Exercise: From the records below, please print only the lines from the one containing "Valentino Garavani Stud" through the one containing "Image 4 of lanawolsen", both included. Skip the pictures.

Data in this exercise:
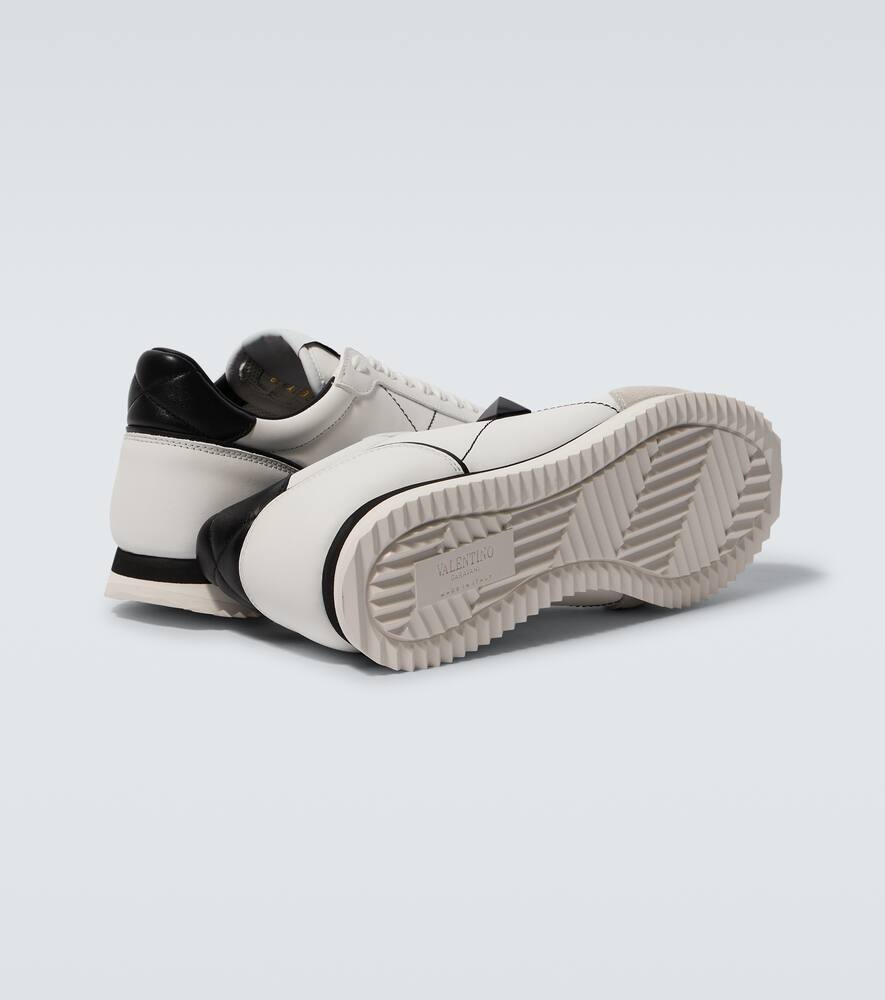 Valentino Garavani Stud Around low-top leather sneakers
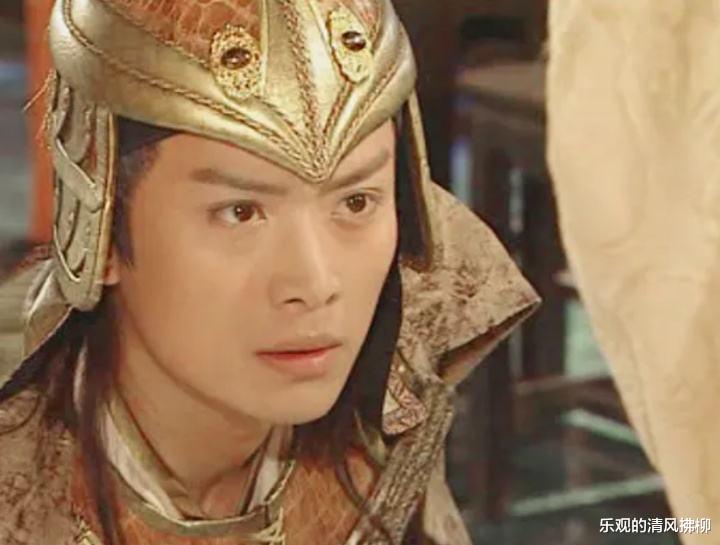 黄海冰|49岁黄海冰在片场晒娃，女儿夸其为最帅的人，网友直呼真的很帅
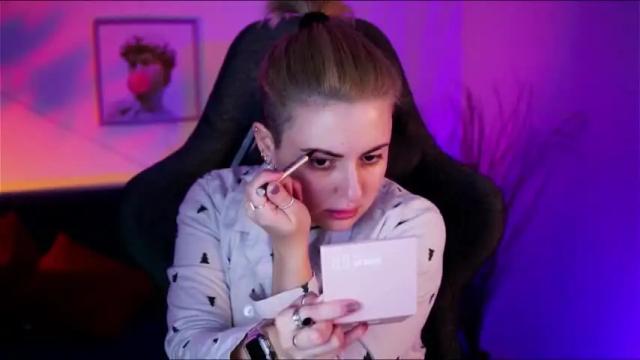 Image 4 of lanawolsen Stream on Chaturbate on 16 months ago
---
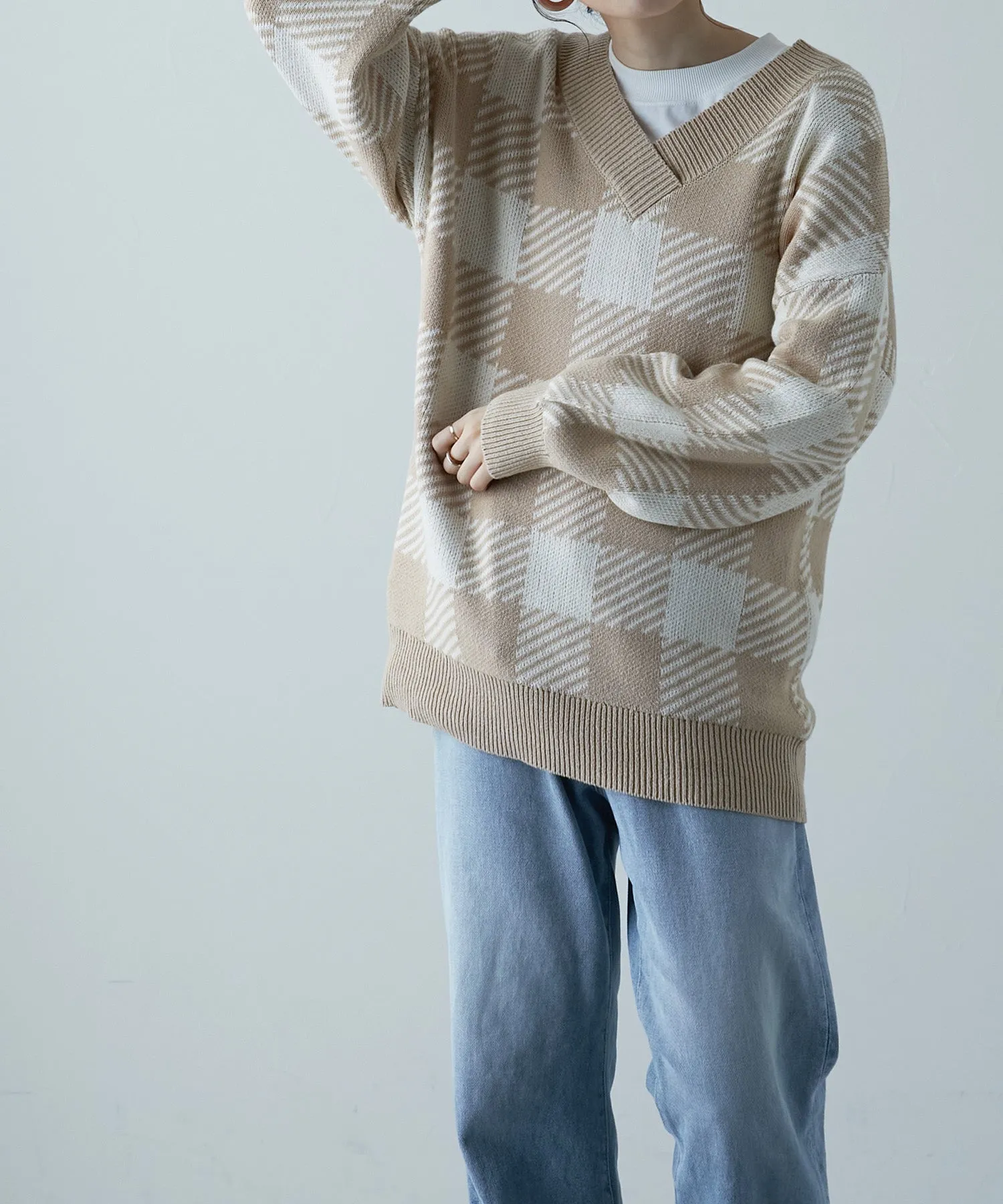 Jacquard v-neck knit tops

Exercise answer:
 Valentino Garavani Stud Around low-top leather sneakers
 黄海冰|49岁黄海冰在片场晒娃，女儿夸其为最帅的人，网友直呼真的很帅
 Image 4 of lanawolsen Stream on Chaturbate on 16 months ago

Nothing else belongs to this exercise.